* _WHAT TO DO_:
The answer must give back every line of the data exactly, with no pictures.

MATERIAL FOR THE TASK Start Marker

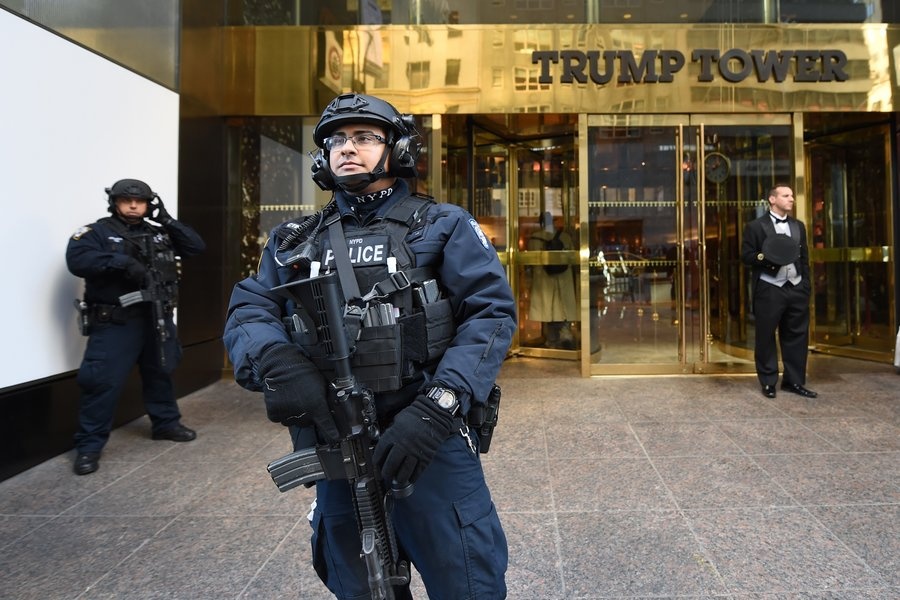 My phan bo them 120 trieu USD de bao ve nha Trump hinh anh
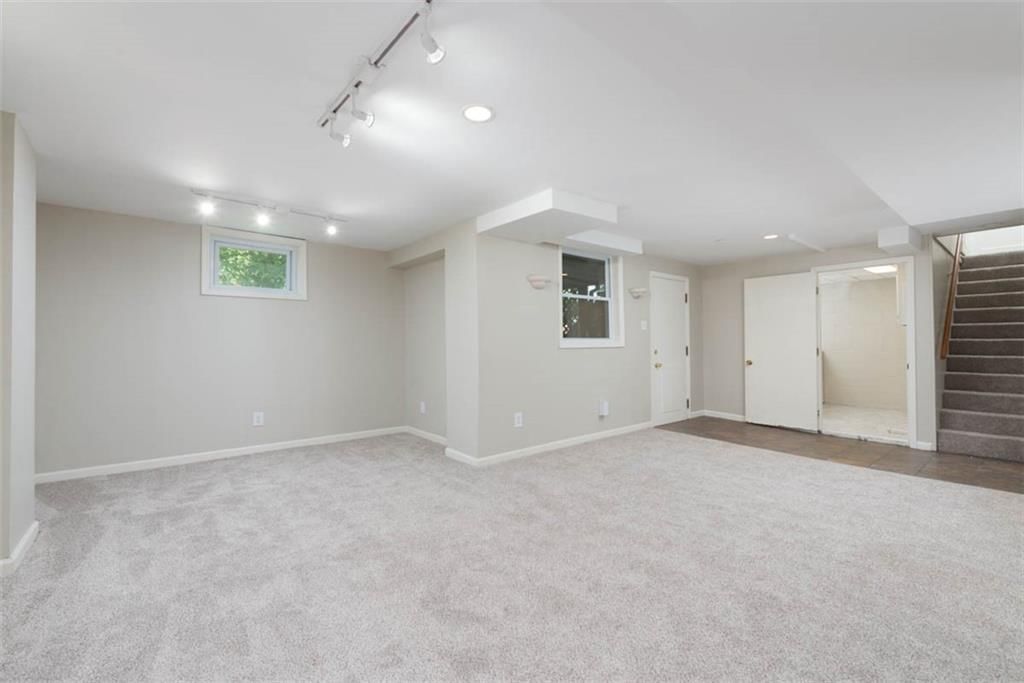 7516 Juniper Street — photo 32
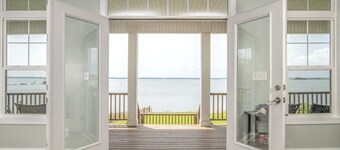 Sunset Bay Retreat: 4 BR / 3 BA maison à Beaufort, 8 personnes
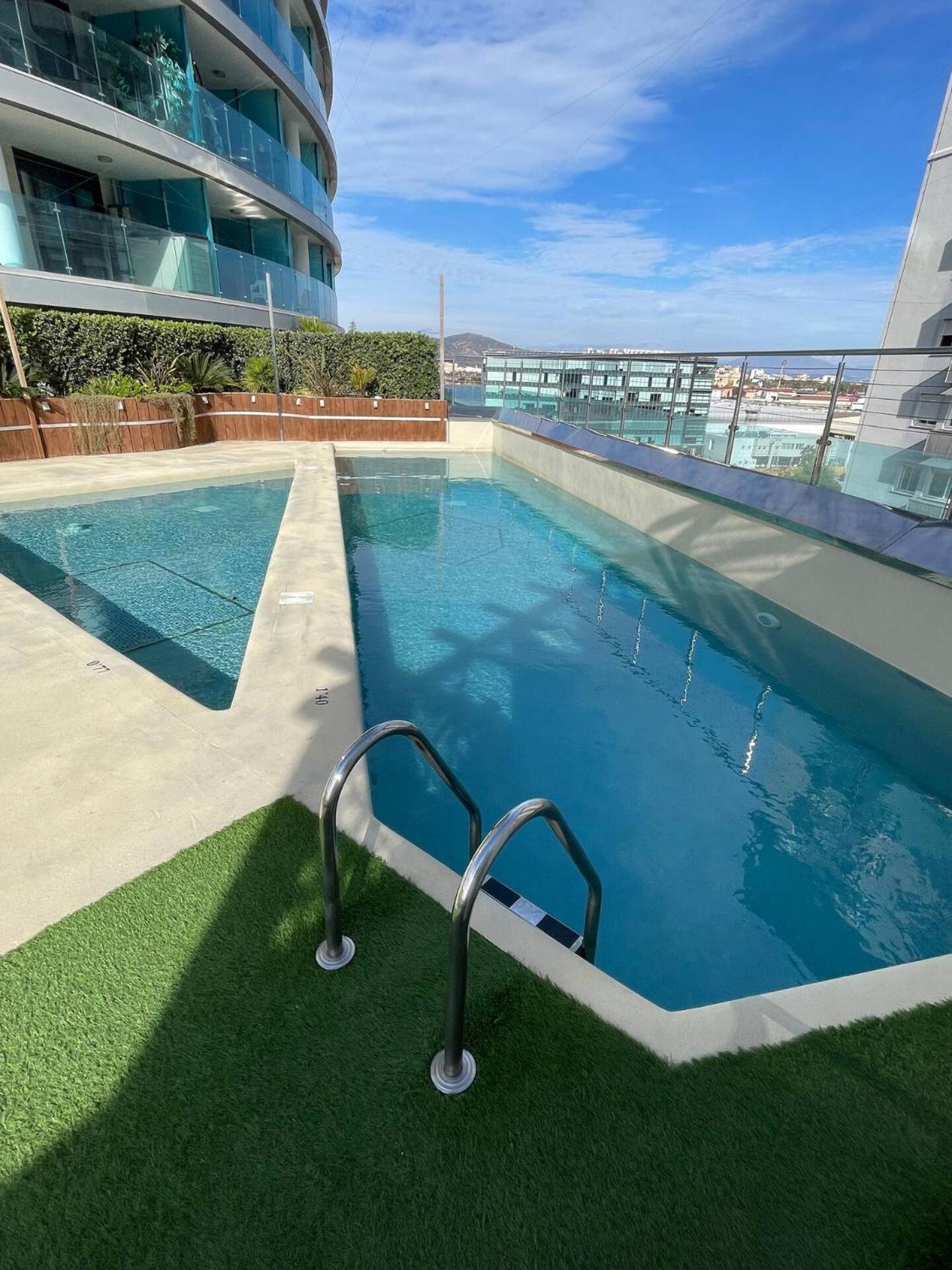 Urban Oasis At Luxurious Ocean Village Gibraltar Buitenkant foto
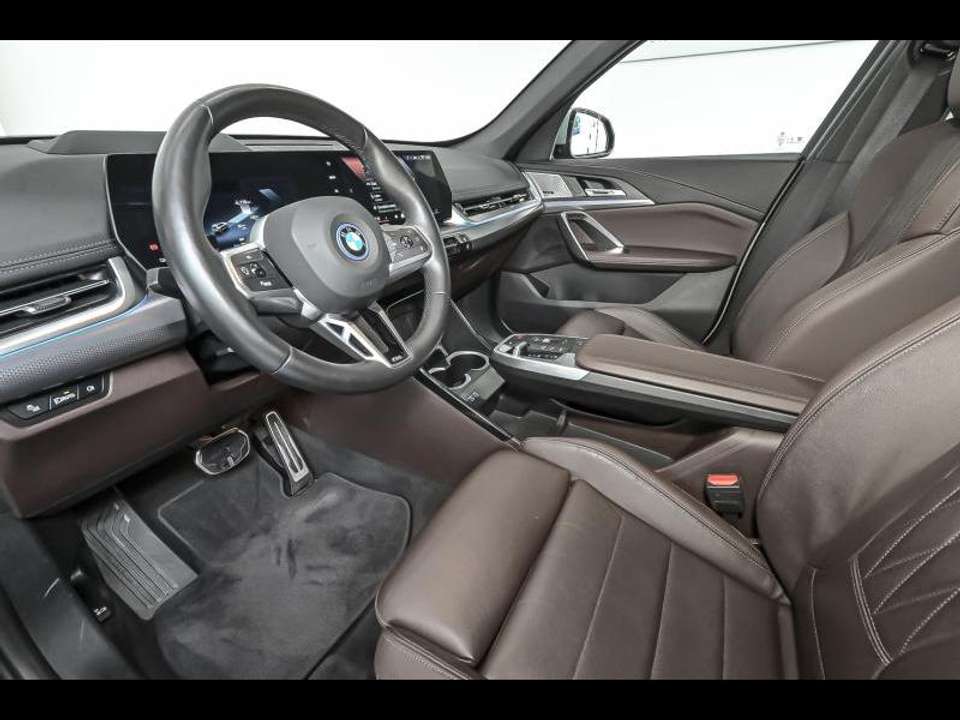 BMW iX1 - Imagem 6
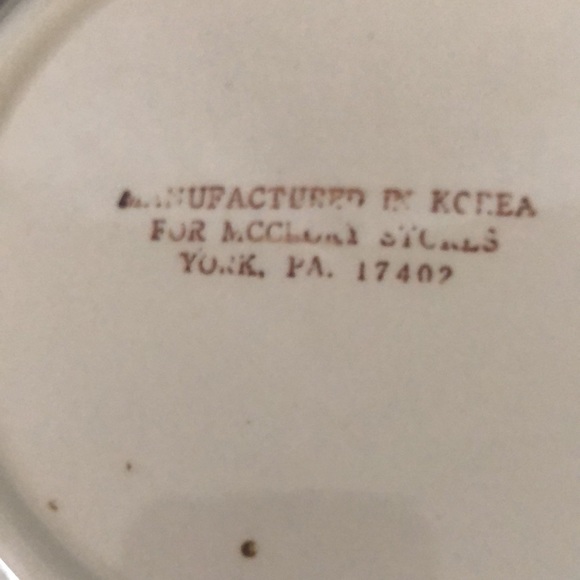 3 vintage serving dishes. The two small ones are Action industries inc. - Picture 8 of 8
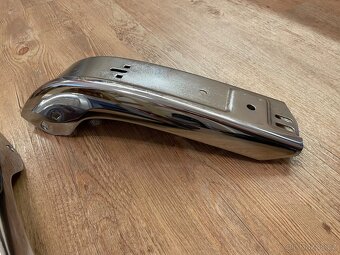 Originál L + P chromovaný roh předního nárazníku BMW e30 - 2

MATERIAL FOR THE TASK End Marker

* _SOLUTION FOR THIS EXERCISE_:
 My phan bo them 120 trieu USD de bao ve nha Trump hinh anh
 7516 Juniper Street — photo 32
 Sunset Bay Retreat: 4 BR / 3 BA maison à Beaufort, 8 personnes
 Urban Oasis At Luxurious Ocean Village Gibraltar Buitenkant foto
 BMW iX1 - Imagem 6
 3 vintage serving dishes. The two small ones are Action industries inc. - Picture 8 of 8
 Originál L + P chromovaný roh předního nárazníku BMW e30 - 2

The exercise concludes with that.